The Convolutional Neural Network also known as CNN/ConvNet is used in this project to classify the heart sound wave. The input wave has been preprocessed and taken into consideration by the CNN model. To build the CNN model, we utilized the keras library. It includes the sequential model, layers, optimizers, callbacks and regularizers.

3.4.2 Building CNN Model

The model is built by the simple Sequential architecture. Since this project is based on the analysis of Phonocardiogram heart sounds we considered the sequential model. Conv1D is used here. This layer creates a convolutional kernel with an input layer and a convolution in a single spatial(or time) dimension to generate a tensor for the output. Filters and kernel size have been defined according to the layers. We have considered RELU as the activation function as it is the most used activation functions in CNN. The kernel regularizer used here is the L2. It applies a L2 regularization penalty. Maxpool1D is used and it performs operation on down sampling the input representation by taking the maximum value over a spatial window of pool size. The window will be shifted by strides mentioned in the algorithm. Batch normalization is designed to automatically standardize the inputs to a layer in the model. Used dropouts to avoid over fitting of the model. The Global Average Pooling1D (GAP) layer is used to minimize overfitting by reducing the total number of parameters in the model. Dense layer used here is 4 (since number of classes \(= 4\)). Softmax is an activation function that is used as the last layer in the model. In this project we used 21 layers to build the CNN model.

Table 3 Hyper parameters of the model

3.4.3 Model Fitting

To fit the model, first we complied the model with the loss named binary cross entropy and the metrics we considered are accuracy, precision, recall and F1 score. Optimizer used here is the Adam. The batch generator function is defined initially to make use in fitting the model to 100 epochs with 1000 steps per epoch The batch size considered here is 32. The annealer used here is the learning rate scheduler. The model is fitted by using all those parameters as shown in Table 3.

3.4.4 Saving the Model

The model is saved, and it is used to plot the graph to check the accuracy and validation accuracy.

3.5 Result and Observation

The model is plotted with respect to the training accuracy and validation accuracy. Then the model is tested with test data to observe the classification of the heart sounds into four categories as normal, murmur, extrasystole and artifact.

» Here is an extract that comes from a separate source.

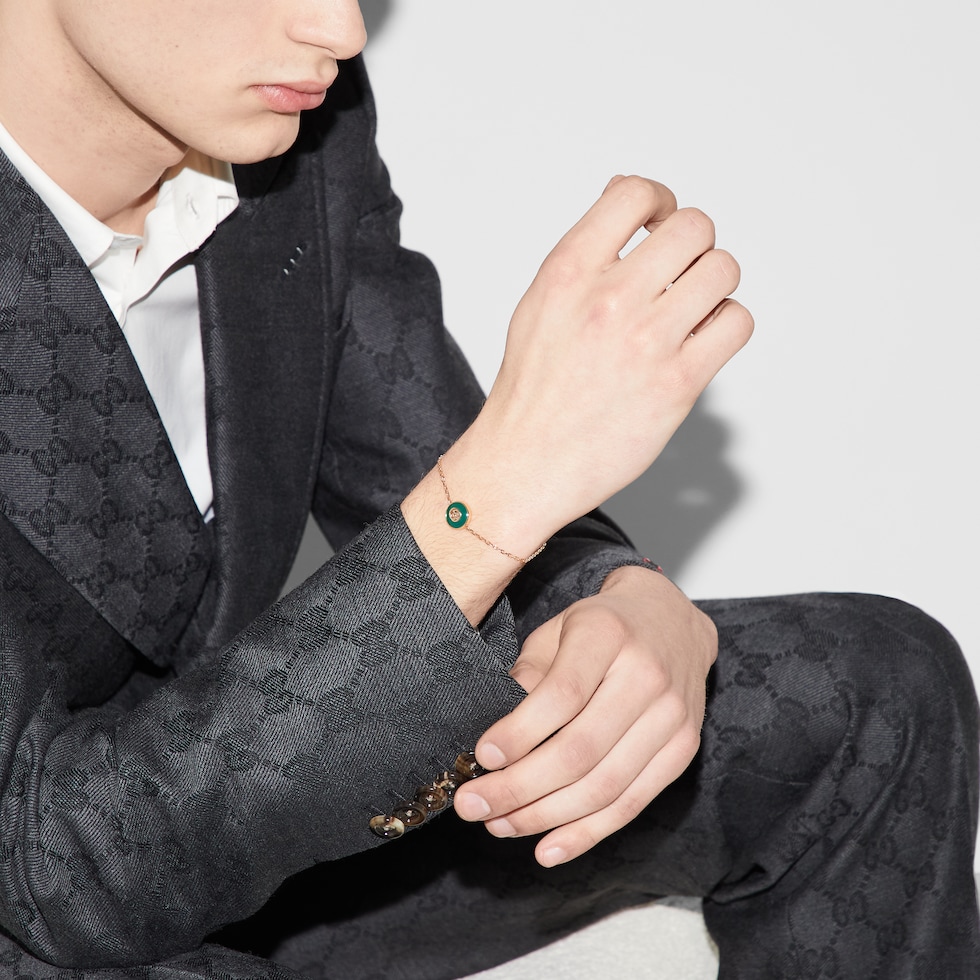 سوار Gucci Interlocking على شكل سلسلة عيار 18 قيراطاً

The model showed 79% accuracy in validation and accuracy of 85% as shown in Fig. 2. The comparison of other existing methods was shown in Table 4.

Fig. 2
figure 2

Accuracy versus validation accuracy

The performance of the model was analyzed using confusion matrix plot and achieved better classification accuracies for the multiple class (artifact, murmur, normal, extrasystole) classification problem as shown in Fig. 3.

Table 4 Performance metrices
Fig. 3
figure 3

Confusion matrix

3.6 Conclusion

The phonocardiogram signals (heart sounds) play a major role in the detection of cardiac abnormalities that have undergone some preprocessing techniques like the normalization of audio waves and Kaiser fast technique to load the librosa to the wave file. Then the preprocessed Heart sound files have been loaded separately and it is gone for the CNN model building and the model is saved, got an accuracy of 84% and validation accuracy of 79% and got the results in an effective way. The proposed work gave good results with CNN model by doing simple preprocessing techniques which will be helpful for the detection of cardiac abnormalities at an early stage.